京には不逞浪士が新選組に仕返ししに来るという噂が広まっていたり、巡察中に他藩と問題が起きていたり、ピリピリした日々が続いていた。
それが何とか落ち着いてきた頃。
鶴姫と千鶴は外出を許可される日がだんだんと増え始めていた。
監視も緩くなってきて、特に鶴姫は池田屋での戦闘がきっかけで、他の隊士たちから一目をおかれるようになっている。
池田屋のとき、千鶴は留守番をしていたが山崎と共に四国屋にいる土方に、敵の所在が池田屋にあることを伝えるため四国屋に向かっていた。
途中、敵と鉢合わせたが山崎が残り千鶴だけはひた走った。
連絡を受けた斎藤と原田が池田屋に向かい、千鶴は土方に同行。
土方は、大通りに出て役人たちに池田屋への立ち入りを禁じた。
あわよくば自分達の手柄にでもと考えている役人どもに、千鶴は怒りをおさえていた。
もちろん土方は池田屋事件での鶴姫や千鶴の働きを認めてくれている。
鶴姫は池田屋の日から一日寝ていたが、今では元気になっている。
瞳に走った激痛がなんなのかは未だにわかっていないし、あの浪士が鶴姫の持つ脇差に反応していたのも気になる。
だが、なんの手がかりもない今は巡察で父親と兄の情報を集めている。
そんなある日、鶴姫がほうきを片手に掃除に勤んでいると、ゆったりした足音が近づいてきた。
「すみません、こちらが新選組の屯所ですか?」
『そうだが――』
背後から声をかけられ振り向くと、千鶴が町であったという男と似た容姿の男が立っていた。
『もしかして、雪村が以前世話になった男性か?』
「ええ、多分」
『そうか。

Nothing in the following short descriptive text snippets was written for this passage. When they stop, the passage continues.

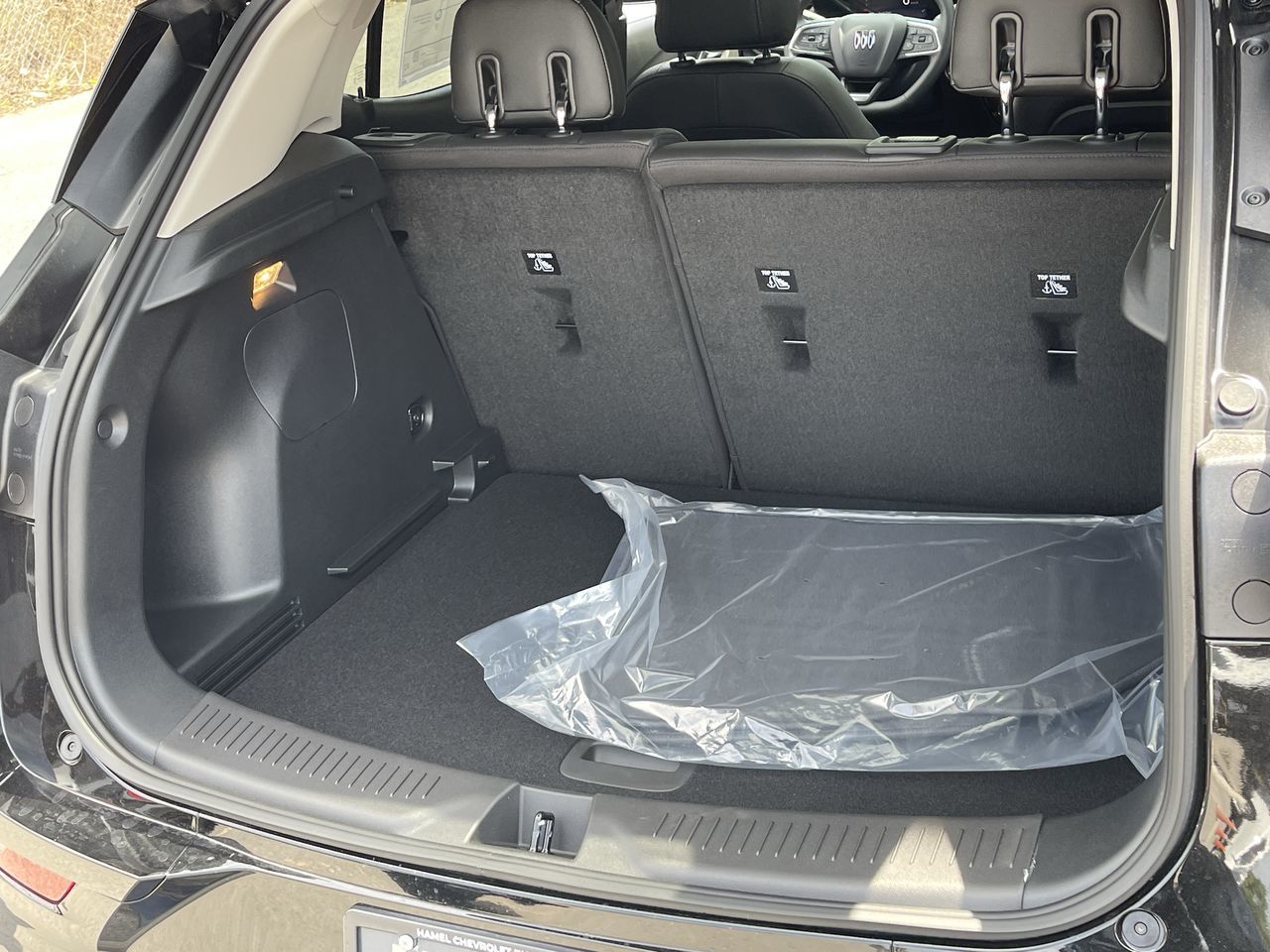 2026 Buick Encore GX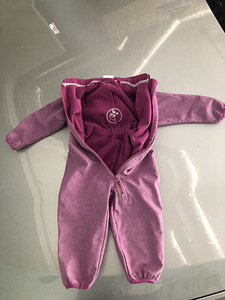 Lego Wear TEC комбинезон. Размер 80 (2 фото из 6)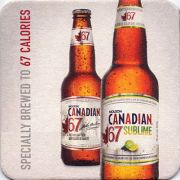15031: Канада, Molson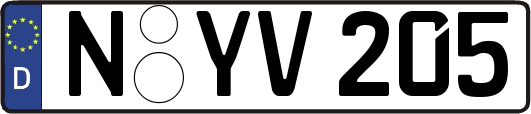 N-YV205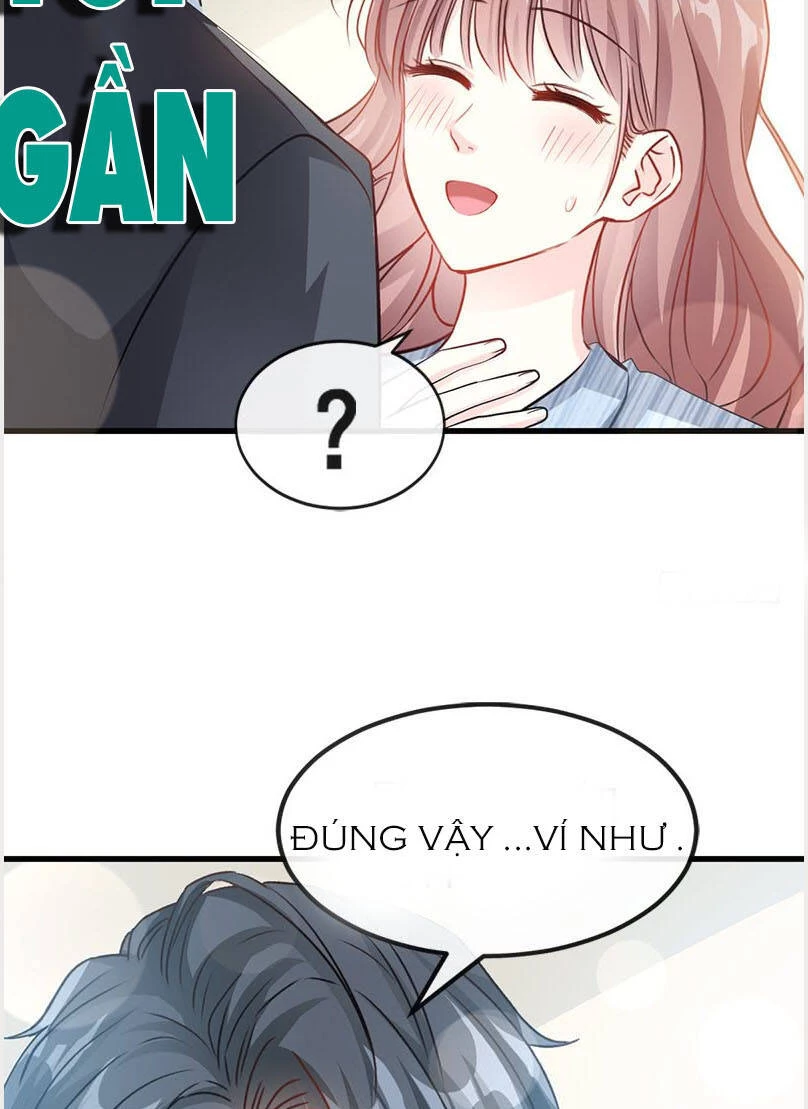 Bá Đạo Tổng Tài Nhẹ Nhàng Yêu Chapter 23 - 19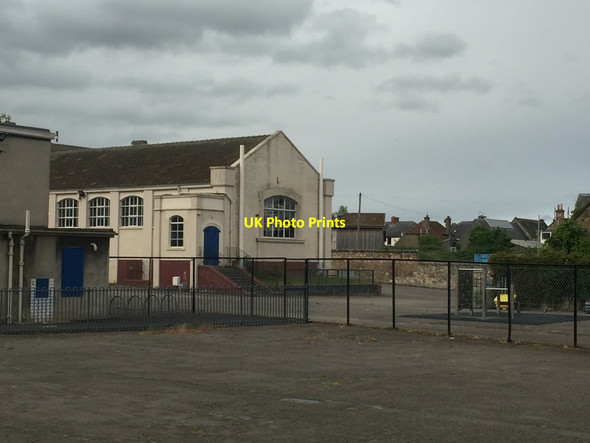 Photo 6"x4" Prestonpans Infant  and Nursery School Prestonpans c2020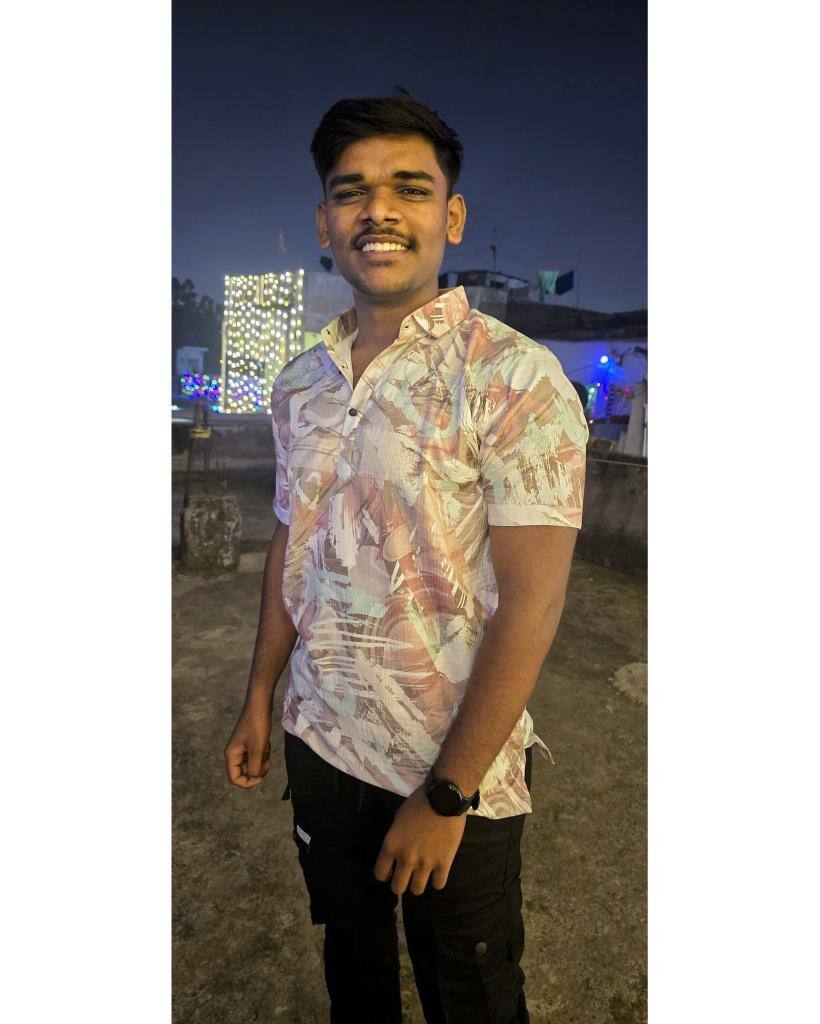 User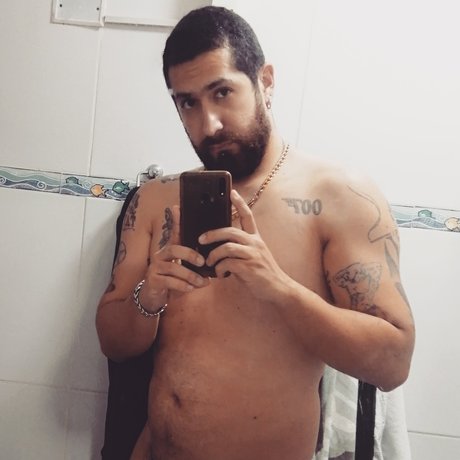 Jhon Mckane naked star picture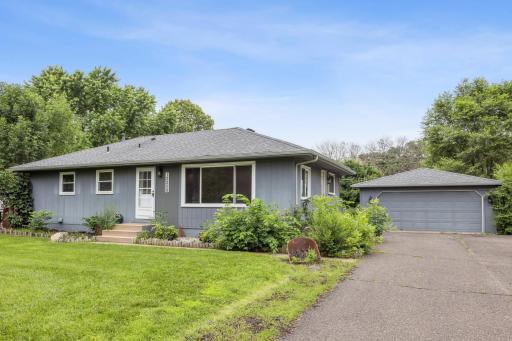 12209 Davenport Street NE, Blaine, MN 55449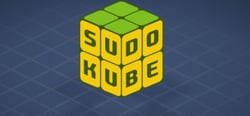 SudoKube header banner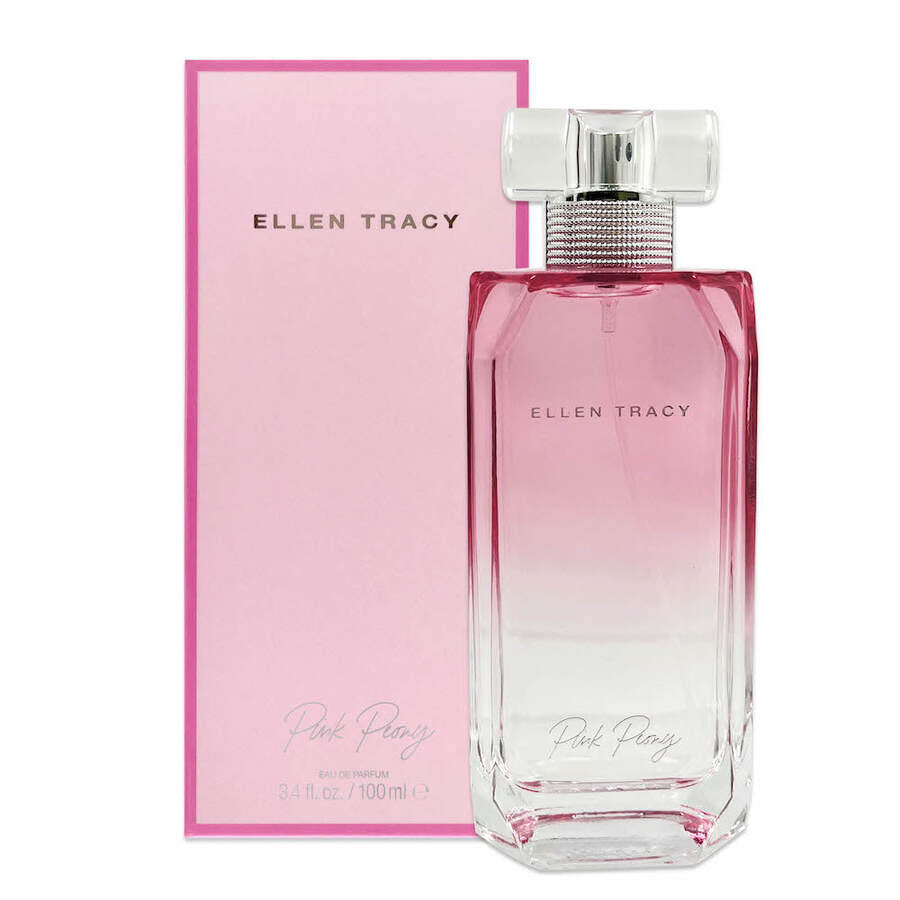 Pink Peony EDP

あの時はありがとうございました』
「いいえ、大したことではありませんでしたから。それより、元気そうでなによりです、鶴姫ちゃん」
『……』
そう言えば、千鶴はこの男が二人のことを知っているようだったと聞いていたことを思い出す。
しかし、鶴姫の方にはとんと覚えがない。
鶴姫ちゃんと呼ばれはしたものの、ここが新選組の屯所である以上誰が来るのかも分からない。
鶴姫は鶴姫では無いというように応える。
『そういえば、雪村が名前を聞き忘れたと言っていた。教えてもらえるだろうか』
一瞬男は少し寂しそうな顔を見せて、すぐ笑顔に戻った。
「僕は伊庭八郎です」
『伊庭八郎?』
「覚えてませんか?」
『いや、済まない。さっき鶴姫ちゃんと呼んでいたが、俺は穐月龍之介だ。よろしく』
「……そうですか。よく似ていたので女性だと思ってたんですが」
『その、伊庭さんだったか。今日はどうしてここに?』
「ええ……実は…」
伊庭と名乗った男は屯所の方をチラチラと気にしているようだった。
恐らくは新選組になにか用事があってきたのだろう。
初めてあったあの日、伊庭は武田と争いを起こしていた。
あの時、武田は新選組の隊士だと名乗っていたらしいし、あの件で抗議にでも来たのかもしれない。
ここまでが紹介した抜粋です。